WGS (60×) was performed of two founder mice carrying a base substitution at site C and E using three guide RNAs and two base editors. In addition, we analyzed 30 mice as control, 24 wild-types mice (males and females) and six of their non-injected progeny. The analysis was done accordingly to the GATK best practices guidelines33,34,35 for germline mutations (version 3.8-0). Thus, BBmap36 (version 37.36) was applied for quality control, followed by BWA MEM37 (version 0.7.15) for the alignment step (reference genome mm10). The aligned BAM files were subsequently split up to a chromosome level (for runtime optimization) and reads aligned to different chromosomes were filtered using SAMtools38 (version 1.5). Additionally, Picard tools39 (version 2.9.2) was applied to mark duplicates. The subsequent GATK analysis workflow comprised: (i) base recalibration - GATK BaseRecalibrator, AnalyzeCovariates, and PrintReads - using the databases of known polymorphic sites, dbSNP142 and MGPv5 (provided by the high-performance computing team of the NIH (Biowulf)); (ii) variant calling - GATK HaplotypeCaller - with the genotyping mode “discovery”, the “ERC” parameter for creating gvcf and a minimum phred-scaled confidence threshold of 30. The final step included merging the VCF files of each chromosome (GenomeAnalysisTK, GATK).

GATK SNP analysis

Joint genotyping was applied on each of the three groups independently (wild-type, non-injected controls and base-edited mice). On each of the groups hard filtering with the following parameters was applied: “QD < 2.0||FS > 60.0||MQ < 40.0||MQRankSum < −12.5||ReadPosRankSum < −8.0||SOR > 3”. The resulting SNPs were filtered by removing those overlapping with repetitive elements32 (UCSC’s masked repeats plus simple repeats; http://hgdownload.soe.ucsc.edu/goldenPath/mm10/database) and black regions (ENCODE31; http://mitra.stanford.edu/kundaje/akundaje/release/blacklists/mm10-mouse/). On an individual level those SNPs with a genotype of 0/1 or 1/1 were kept. Further filtering included the removal of SNPs with a read depth smaller than 10, an excessive read depth40 (d + 3√d, d = average read depth), an allele frequency less than 10% and a quality smaller than 130 using a variety of tools41,42,43. All SNPs within +/−5 bp of an indel border were removed as likely false-positives.

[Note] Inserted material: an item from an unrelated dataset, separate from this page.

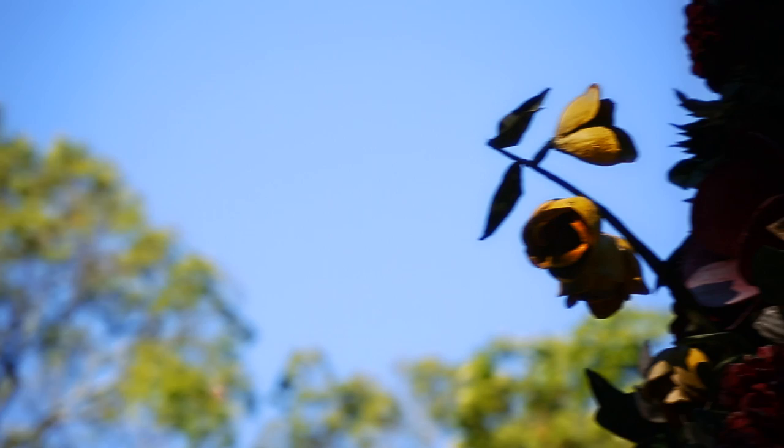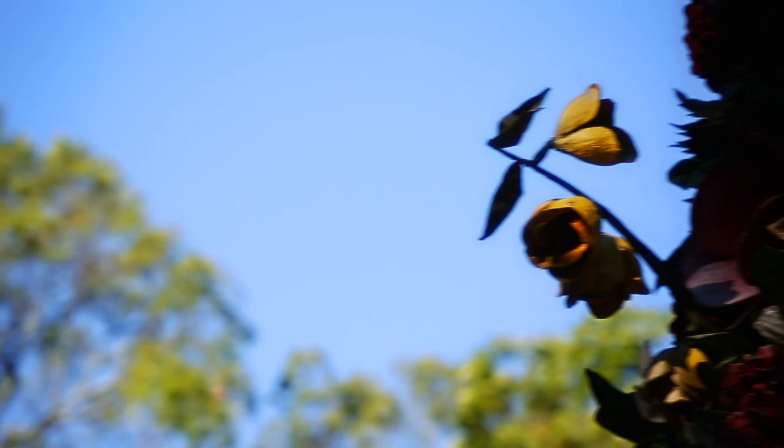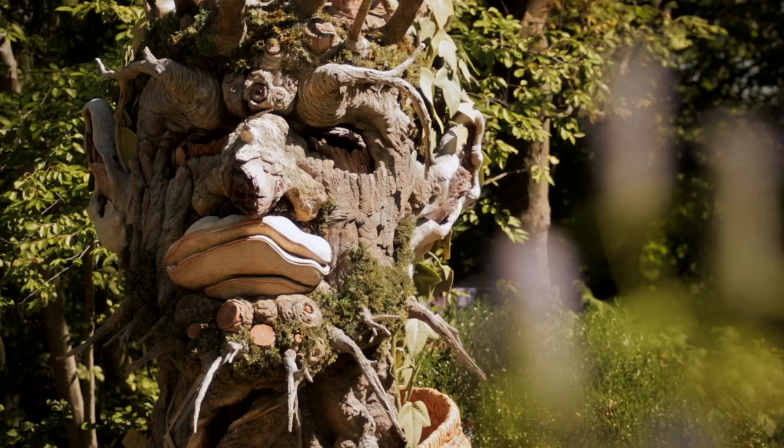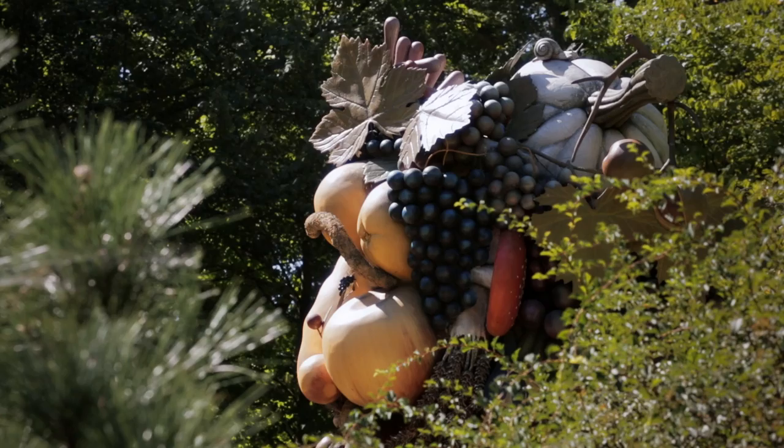A few years ago, I had a film installation series at the Kimbell Art Museum in Texas, which was five film installations inspired by work in the collection. And doing that inspired me to make large-scale sculpture, and I wanted to bring it outdoors. I wanted to bring sculpture into the physical world, and in the same way be inspired by painting, by art.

Simple GATK indel analysis

Indels were extracted from the GATK joint genotyping file and hard filters were applied based on the GATK recommendations: “QD < 2.0||FS > 200.0||ReadPosRankSum < −20.0||SOR > 10.0”. Indels overlapping with repetitive elements32 (UCSC’s masked repeats plus simple repeats; http://hgdownload.soe.ucsc.edu/goldenPath/mm10/database) or black regions (ENCODE31; http://mitra.stanford.edu/kundaje/akundaje/release/blacklists/mm10-mouse/) were removed. Subsequently, each file was filtered keeping only indels with the genotypes of 0/1 and 1/1, removing those with a read depth smaller than 10 as well as sites with an excessive number of reads40 (d + 3√d, d = average read depth). The last step comprised the removal of all simple indels that overlap with complex indels identified using LUMPY. For all those steps a variety of tools41,42,43 was applied.

Complex indel analysis using LUMPY

Indel analysis was done on the same samples as described above using Lumpy44 according to the guidelines. Thus, BWA MEM37, with the parameters “–excludeDups–addMateTags–maxSplitCount 2–minNonOverlap 20” was applied for mapping (reference genome mm10), followed by Lumpy44 using the discordant and split reads as input. Post-processing was carried out using SVTyper45 to identify genotypes. The filtering step comprised the selection of indels with a genotype of 0/1 and 1/1 and the removal of indels with a quality smaller than 100 and an excessive read coverage (d + 3√d40, where d is the average read depth). Indels overlapping with repetitive elements32 or black regions31 were excluded.